Et les chanteurs ? En une succession d’entrée et de sortie habilement réglée, ils n’occupent la scène que le temps de leur intervention, plus ou moins longue selon les cas, assez cependant pour que les rôles les plus brefs puissent laisser une impression favorable. Aujourd’hui Flavio, Julien Henric a chanté hier Don Ottavio dans Don Giovanni dirigé à Barcelone par Marc Minkowski. Seule Française en finale du Belvedere à Jurmala en juin dernier, Marianne Croux sera la Gouvernante dans The Turn of the Screw à Dijon la saison prochaine. Le rôle de Clotilde ne laisse plus indifférent depuis qu’une jeune débutante nommée Joan Sutherland l’a interprété à Londres en 1952 aux côtés de Maria Callas en Norma.
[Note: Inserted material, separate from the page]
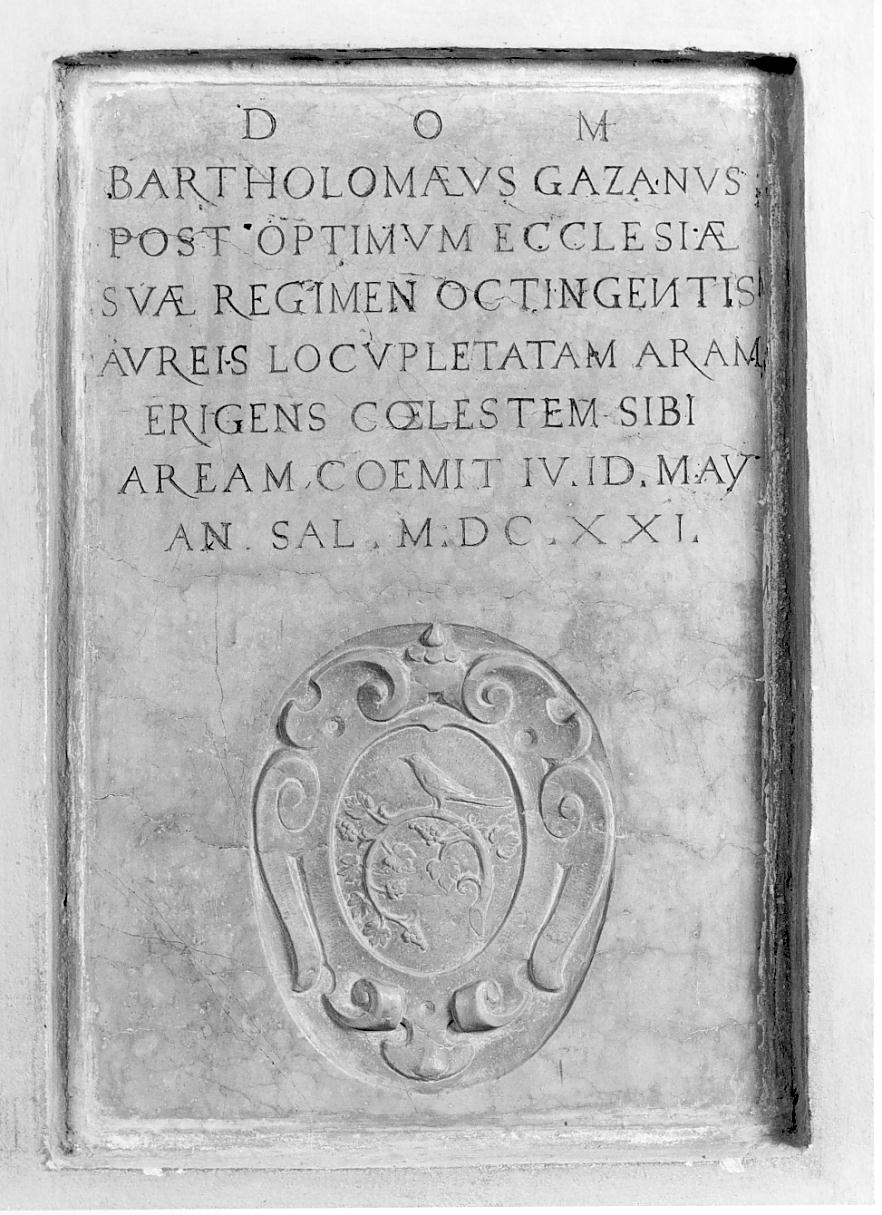 lapide, opera isolata - ambito cremonese (sec. XVII)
Il revient à présent à Karine Deshayes de se mesurer à la légende, avec le poids de l’histoire en plus de la difficulté du rôle. Et c’est à la naissance d’une grande druidesse que l’on assiste admiratif puis ému. D’une égalité souveraine, la voix gagne en confiance au fur et à mesure que sont franchies les étapes d’un parcours semé d’embûches, du premier récitatif où l’art de la déclamation se nourrit des Gluck passés – Alceste à Lyon en 2017 – jusqu’aux dernières braises de « Qual cor tradisti » exhalé à mi-voix comme dans un souffle. Limiter cependant la performance à une course d’obstacle gagnée à force de technique serait passer à côté de l’essentiel. Les sauts d’intervalle, les traits imparables, les multiples ornementations, les variations, la pyrotechnie acquise au contact prolongé de Rossini : chacun de ces effets n’a de valeur que par la manière dont il participe à une caractérisation aboutie et saluée debout par le public du Grand Théâtre du Provence. Cette Norma appelle à présent la scène de ses vœux. Elle devrait être exaucée dans les saisons à venir.
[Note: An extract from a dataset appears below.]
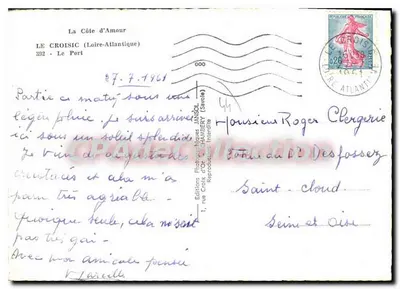 O Port de Le Croisic — Côte d'Armor — editor Lansol — Verso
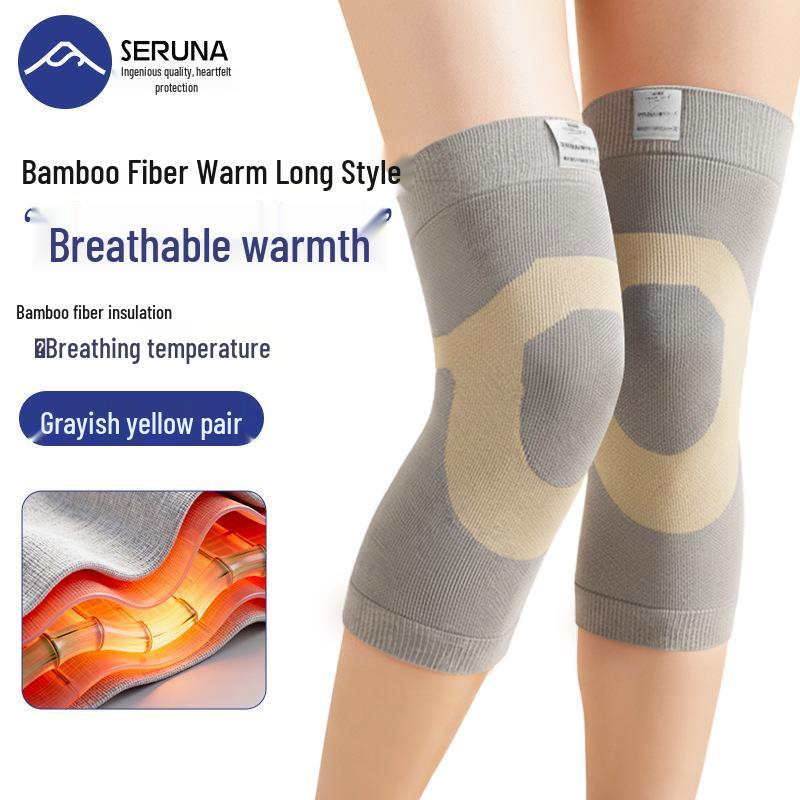

Japan Fleece-Lined Anti-Slip Knee Pads for Middle-Aged & Elderly - Warm, Thick, Windproof, and Ideal for Cold Conditions M (Pair) [70-100 lbs]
© Festival d’Aix-en-Provence
Inévitablement, ses partenaires s’apprécient à l’aune de sa proposition. Conformément au biais inconscient qui veut maternelle la voix la plus sombre, Adalgisa soprano rétablit un juste équilibre entre les deux prêtresses d’autant qu’Amina Edris, agile même si moins savante, possède dans le timbre une fraîcheur juvénile et dans l’attitude une simplicité touchante. Entre les deux chanteuses en parfaite osmose musicale, passe une complicité sororale et au-delà un frisson de tendresse.
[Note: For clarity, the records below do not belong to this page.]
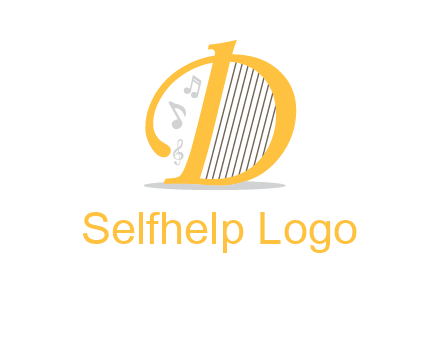 harp instrument in D logo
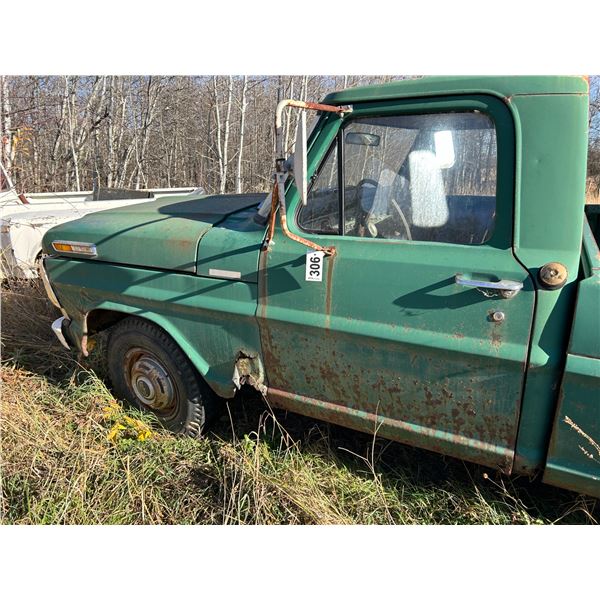 Approx 1969 Ford F250 For Parts Only, Buyer is Responsible to Load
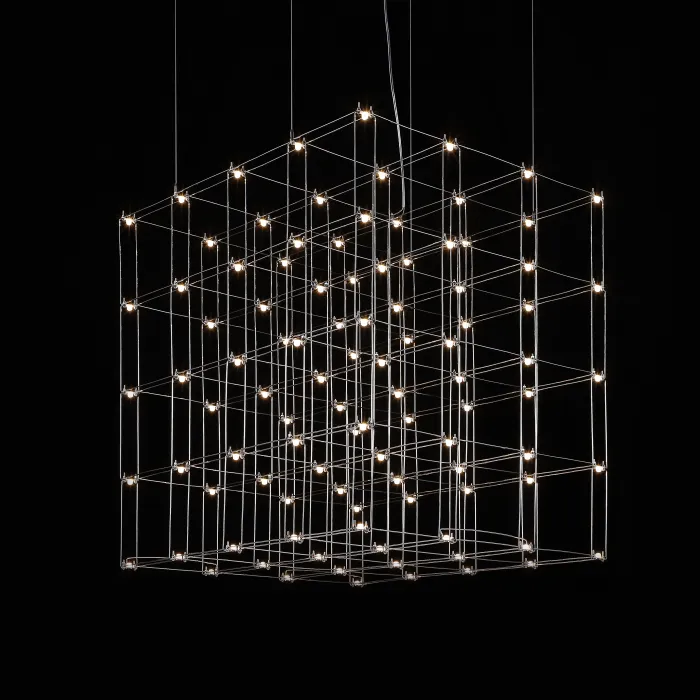 Люстра Quasar Cosmos Square LED pendant light 80/80/80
Bien que baryténor, Pollione – intercalé entre deux Idoménée –, n’est pas le rôle le mieux inscrit dans les cordes vocales de Michael Spyres. Ni l’élan martial, ni l’arrogance attendus n’éperonnent les premières scènes. Il faut la confrontation avec Norma au 2e acte pour que la voix s’épanouisse et trouve les demi-teintes nécessaires à l’expression de la détresse obstinée puis du revirement amoureux.
Krzysztof Bączyk enfin dilue son Oreveso dans une basse trop claire, et trop sensible, pour rendre tangibles le caractère belliqueux et l’autorité du père de Norma.
Retransmisson le samedi 3 septembre à 20h sur France Musique.